The narrative flashes forward to June. Emil has returned from Mexico, and Alexandra brings him to the Catholic church’s fair to show him off. Emil gets along well with the French and Bohemian boys, who are friendlier than the Swedish boys of Hanover. At first Marie is nervous to see Emil, but she cannot contain her enthusiasm when they reunite.
Frank knows that he should stop begrudging Marie her popularity and habit of getting everything she wants. He doesn’t believe that he is truly hurting Marie, but he suspects that he could reclaim her affections if he tried and feels vaguely ashamed that he doesn’t exert himself: “Perhaps he could not have given [the grudge] up if he had tried. Perhaps he got more satisfaction out of feeling himself abused than he would have got out of being loved” (80).

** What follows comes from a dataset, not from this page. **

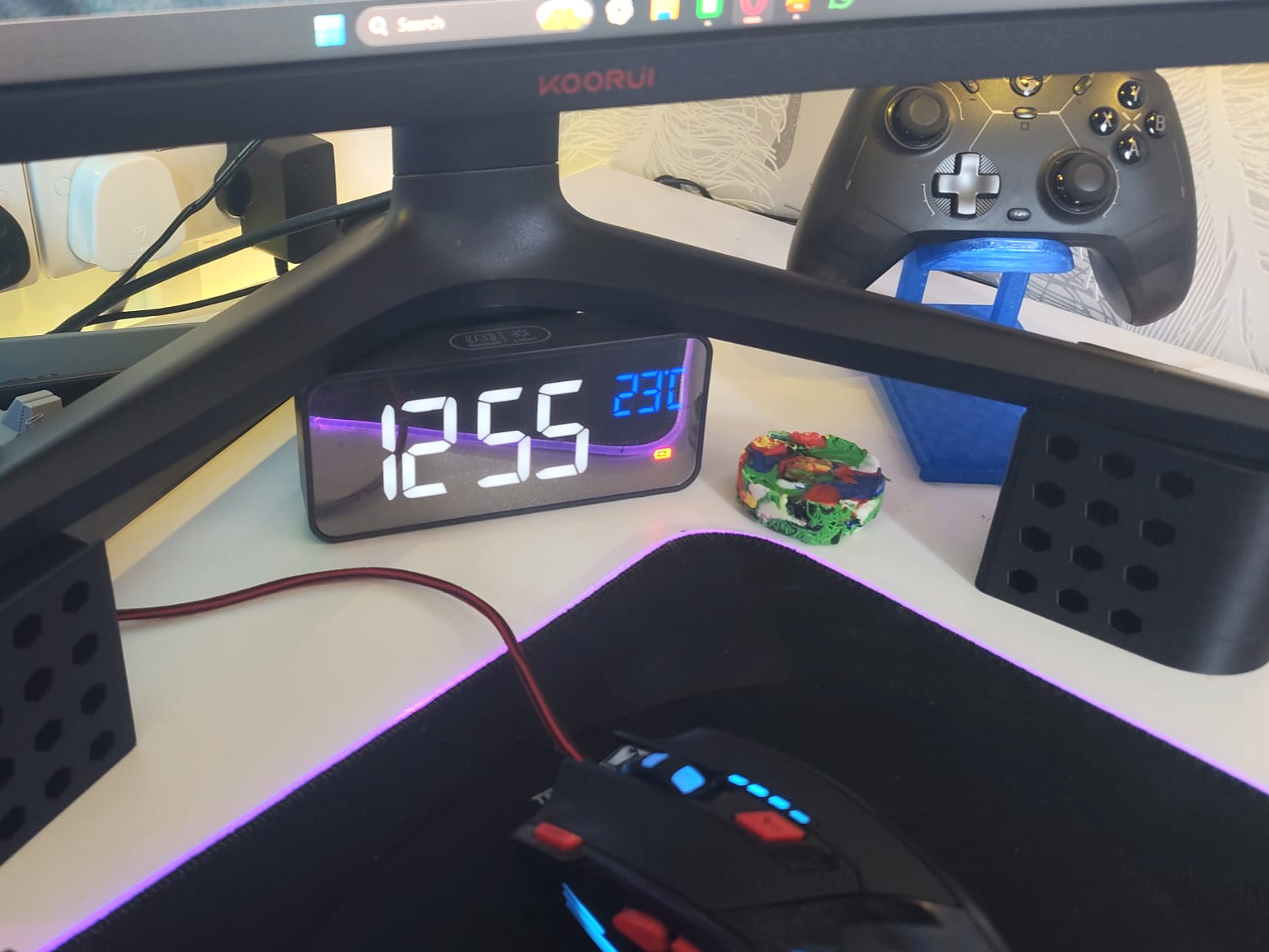 Universal V-Stand Monitor Feet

Marie reads fortunes at the fair. Emil asks for his fortune, but they’re interrupted by the French boys’ prank on the girls. The lights go out, and Emil blows out Marie’s candle. In the darkness, every young man is supposed to secretly kiss the woman he wants. Emil kisses Marie, and both are surprised by how natural the kiss feels. When the lights turn back on, Marie sits alone and refuses Alexandra’s kind words of help.
Signa and Nelse get married. Alexandra reflects that women tend to marry men they are a little afraid of.
Emil follows Marie on her walk home from the wedding. He asks her why she married Frank, and she insists that she was in love with him. She says that Frank hasn’t changed since she fell in love with him; all that’s changed is her own perspective, and she feels she needs to recover her former view of her husband. Emil asks Marie to run away with him. She chastises him, and he promises to leave her alone if she admits that she is in love with him. Marie admits that she is, which doesn’t give Emil any peace.
Emil packs for his law internship and his studies in Michigan. Alexandra plans to visit him at Christmas. Emil has left home before, but this time his departure feels final. He resolves to show more appreciation for his sister. Emil asks Alexandra about their father. Knowing that Emil doesn’t like his brothers and feeling that he needs a male role model, Alexandra tells him about their father’s admirable qualities.
Emil visits his French friend Amédée. Amédée seems ill, and Emil encourages him to rest. Emil leaves to bid other friends goodbye; when he passes by the house again on his way home, he finds that Amédée has worsened and needs assistance getting to bed.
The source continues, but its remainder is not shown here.